Hewitt also points out that these artists were not in a majority. For every poster extolling the modern charms of film stars in an equally modern style,
Cathleen Mann, 1938
there was at least one with a much more traditional point of view.
Cedric Morris, 1934
This is possibly another case where hindsight gives us the wrong view of a period. The ‘modern’ Shell posters – particularly the ones by the modernist artists – are much more interesting and collectable for us now, so we tend to privilege them and make them seem more normal than perhaps they were at the time. But in writing this I’ve been through the online images from the Shell Collection. And what’s there is a very different set of posters to the ones that are normally reproduced, whether in a book or a Christies catalogue. Sometimes the hunt for modernism can be a self-fulfilling prophecy.
One final footnote. Shell’s advertising did take on a much more modern tone again in the 1950s.
John Castle, 1952
Machinery and technological progress had become not just acceptable, but worth celebrating, one way or another.
Terence Cuneo, 1952.
Modernism was once again possible in the 1950s . Which is a thought I will be coming back to again one day.
According to my research one of Beddington’s predecessors, E.W. Delacour, first introduced the ‘See Britain First – on Shell’ campaign. In 1925 the artist (Dominique) Charles Fouqueray (1869-1956) produced 12 posters on this theme. One of Delacour’s initiatives at the time was to display the original paintings for these posters in garages. Brochures containing reproductions of the posters (or paintings) were also available at these garages.

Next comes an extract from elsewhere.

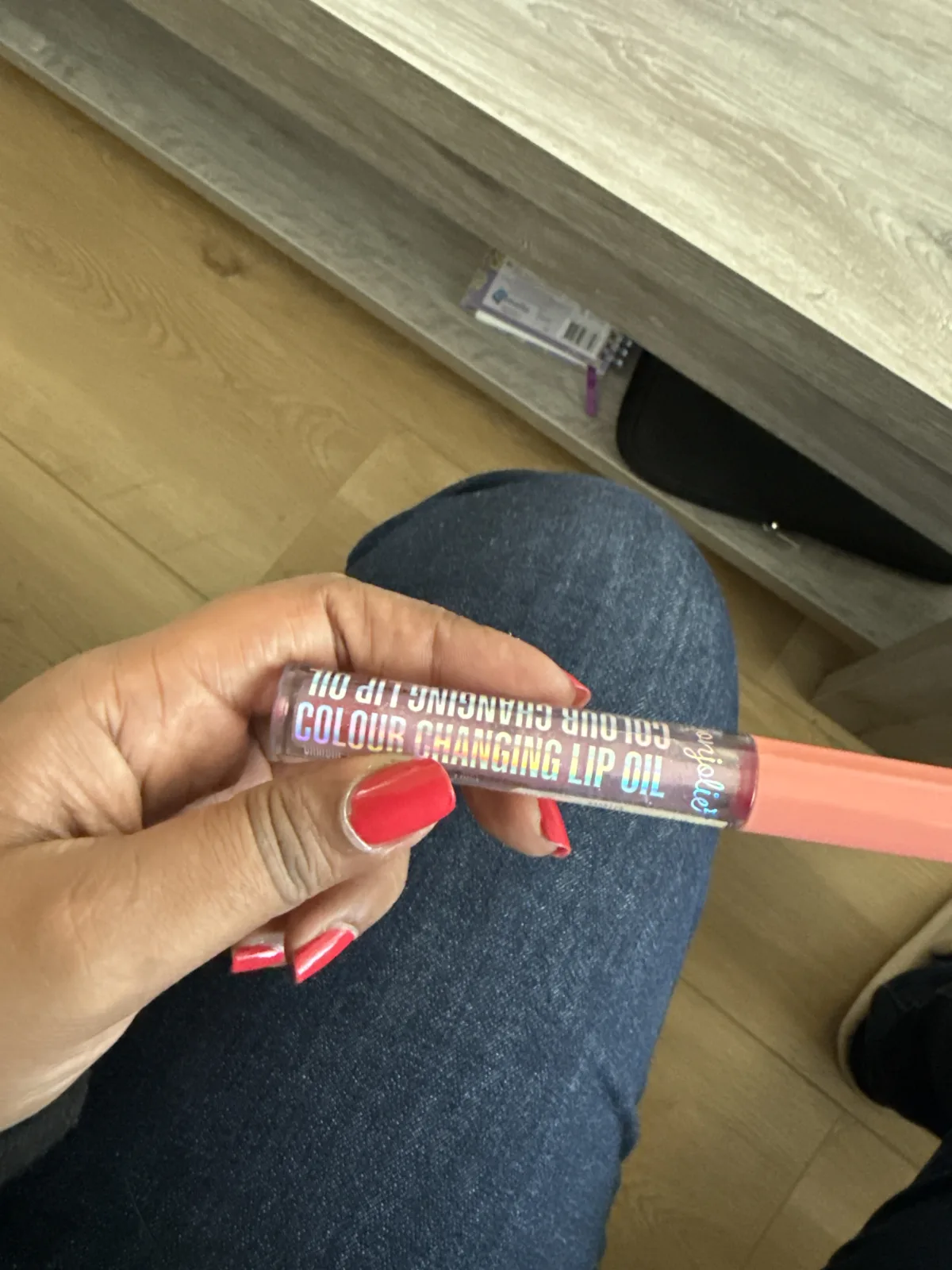 Colour Changing Lip Oil - review image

Shell was only interested in advertising to people who who might to want to buy its fuel. Before the middle of the 1920s these people tended to be ‘techies’ or chauffeurs and the advertising of the time reflected this. As the market for cars grew so the people who were buying fuel changed to a wider middle class market with a less technical view of the product. Shell recognized this change and altered their advertising in response – a shift that was also designed to encourage the growing body of owner drivers to use their cars for recreational purposes. What this says about the growth of modernism I don’t know. It does illustrate the difficulty, however, of drawing general conclusions from works that are designed to appeal to restricted segments of the population.
Thanks for the comments – I very much like the idea of original artworks in garages, it would improve the tone of MOTs no end. And I will go and check out these posters.
Stockwell – I absolutely agree that the change from technical to fluffy rural advertising wasn’t just led by one factor alone, and that it’s almost impossible to tease them apart. In the essay, John Hewitt also ascribes the change to the fact that, by the late 1920s, all of the fuels for sale in the UK were pretty similar in composition and so it was harder to sell a petrol on a technical basis. I only wish my father (a motor historian) was still around to ask, as he’d undoubtedly have an opinion.
But he does make a reasonable case for the fact that driving and car ownership (and the advertising that resulted from it) was seen as much more problematic from the 1930s onwards, so I think that the change in style might have happened almost regardless of whether the target group for the advertising had changed or not. But I’d love to hear any more thoughts you have on this.
I seem to remember shell posters on the classroom wall in the 50’s
I am especially interested in one with Avebury village and circle on it
Can anyone enlighten me?
I don’t know that one either, but as an Avebury fan, would love to hear of it too if anyone knows.